- Born: 1939 (age 86–87) Ahmedabad, Gujarat, India
- Occupation: Painter
- Spouse: Madhvi Parekh
- Awards: Padma Shri Lalit Kala Akademi Award Birla Academy of Art and Culture Award All India Fine Arts and Crafts Society Award Silver Plaque - President of India

= Manu Parekh =

Indian painter (born 1939)

Manu Parekh is an Indian painter, known for his several paintings on the city of Varanasi. Reported to be influenced by Rabindranath Tagore and Ram Kinker Baij, Parekh is a recipient of the 1982 Lalit Kala Akademi Award. The Government of India awarded him the fourth highest civilian award of the Padma Shri, in 1991.

== Biography ==
Parekh was born in 1939 in Ahmedabad, in the Indian state of Gujarat and graduated in arts from the Sir Jamsetjee Jeejebhoy School of Art, Mumbai in 1962 where he had the opportunity to train under Mukund Shroff. Later he also had a short stint at the National School of Drama. Starting his career in the theatre, he worked as an actor and stage designer for one year and joined Weavers' Service Centre, Mumbai of Pupul Jayakar as art designer in 1963 where he stayed for two years. He shifted his base to Kolkata in 1965 and, in 1974, moved to New Delhi, joining Handicrafts and Handlooms Export Corporation of India as a Design Consultant. He left the corporation later to pursue his career as a freelance artist.

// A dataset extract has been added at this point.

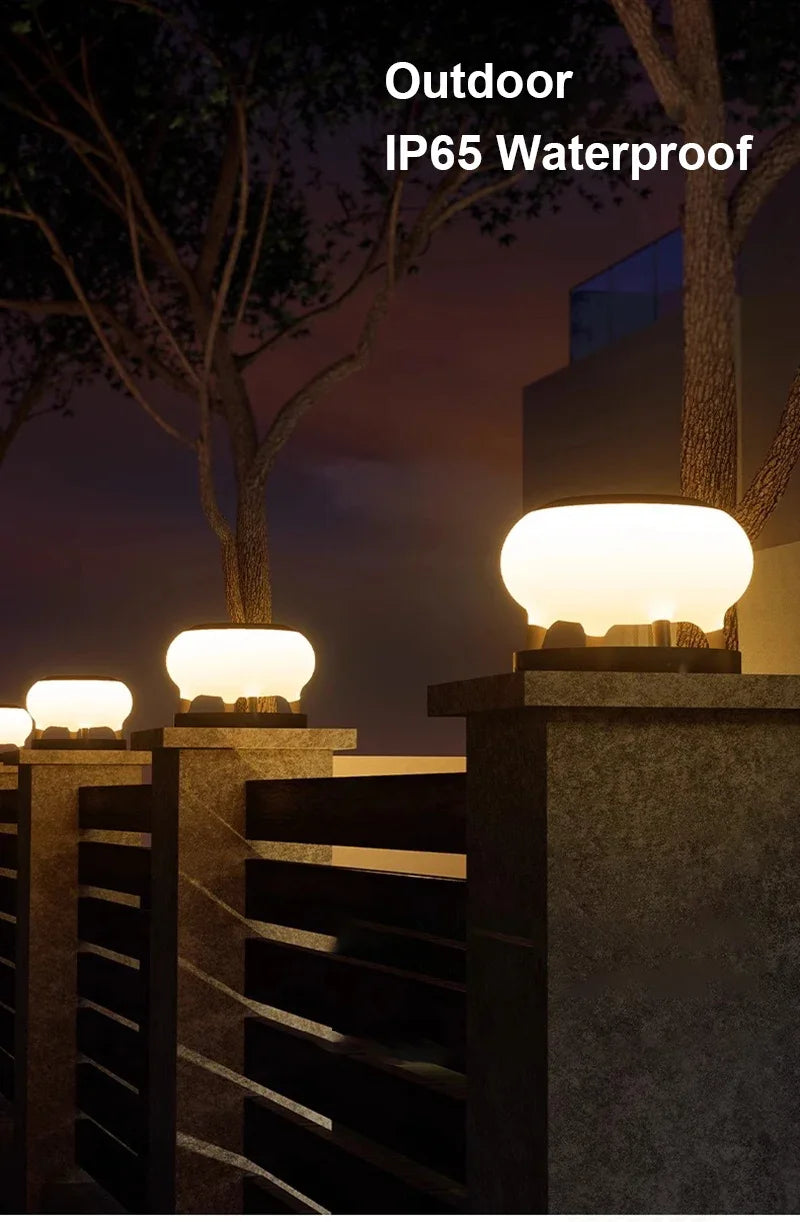 Solar Pillar Lights Outdoor Waterproof Home Decor LED Wall Lamp Gate Garden Lighting Decor Solar Energy Super Bright Door Villa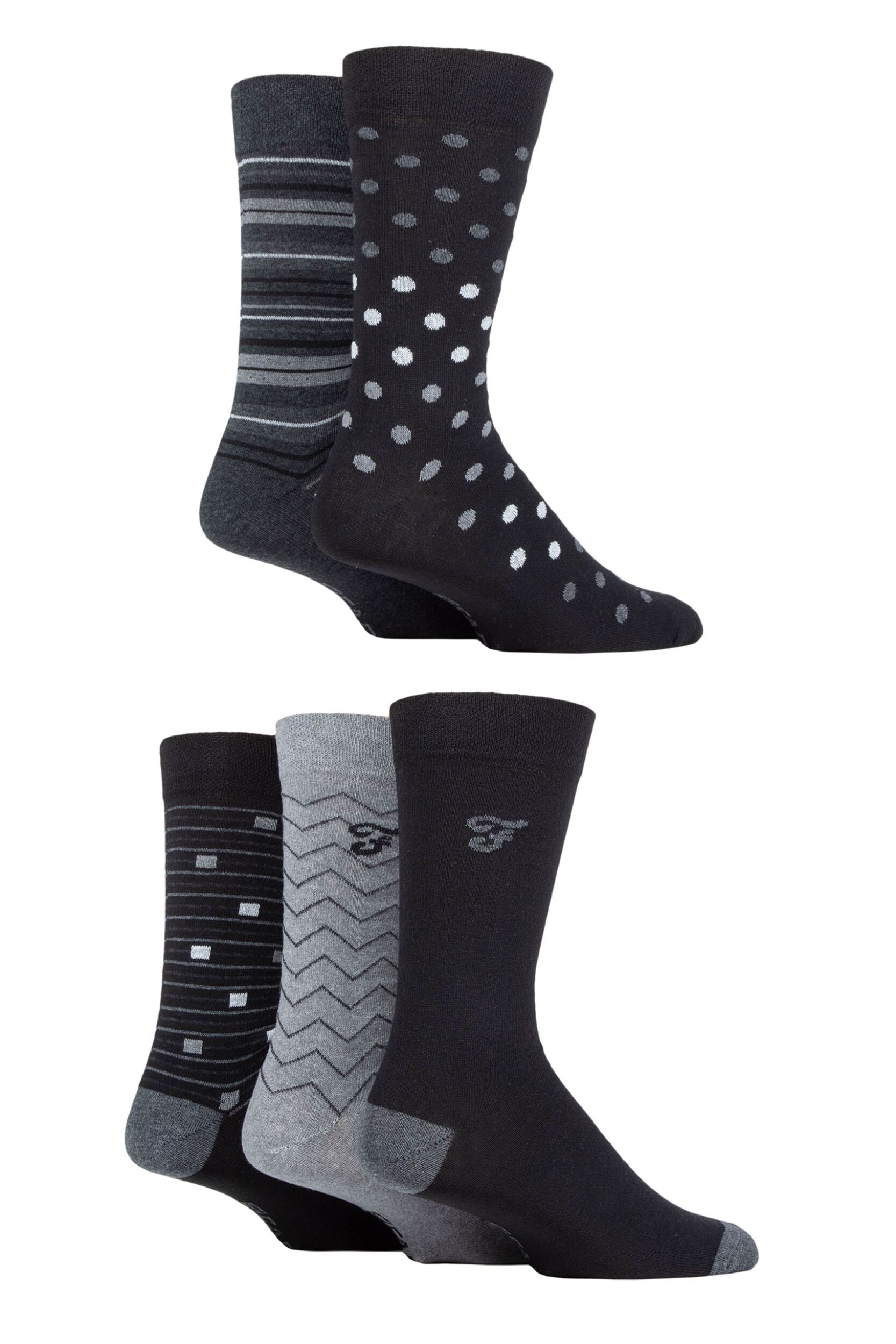 Mens 5 Pair Farah Patterned Striped and Argyle Cotton Socks Pattern Black / Charcoal 6-11 Mens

Parekh has had several group exhibitions and the Modern Painting exhibition at the National Gallery of Modern Art in 1982, Hirschhom Muse exhibition at the Smithsonian Institution, Washington DC the same year and the travelling exhibition, Seven Artists are some of the notable ones. Apart from the solo shows at Bose Pacia Modern in New York and at ARKS Gallery in London, Small Drawings at Sophia Duchesne Art Gallery, Mumbai in 1991, Ritual Oblations at Rabindra Bhavan, New Delhi in 1999, Portraits of Flower and Landscapes of River at Jehangir Art Gallery and Tao Art Gallery, Mumbai, in 2003, Banaras at Vadehra Art Gallery, in 2004 and Banaras – Eternity Watches Time at Jehangir Art Gallery, Mumbai, in 2007 were the notable among his exhibitions. He has participated in two Triennales in India in 1975 and 1978 and HelpAge India has utilised his works for mobilising funds by presenting them at auctions at Sotheby's, Bombay in 1989 and Andasprey (U.K.) in 1991.

Parekh has served as the Exhibition Commissioner for Madhubani Painting show in Italy and Denmark and Contemporary Indian Painting at the Festival of India at Stockholm in 1987. After the Birla Academy of Art and Culture award of 1971, he received the All India Fine Arts and Crafts Society (AIFACS) award and the Silver Plaque of the President of India in 1972. AIFACS award came his way once more in 1974 and in 1982, he received the National Art Award from the Lalit Kala Akademi. Birla Academy of Art and Culture, Calcutta honoured him again in 1991 and the Government of India included him in the Republic Day Honours list, the same year, for the civilian honour of the Padma Shri.

Parekh is married to well known contemporary artist Madhvi. The couple has been living in New Delhi ever since1974.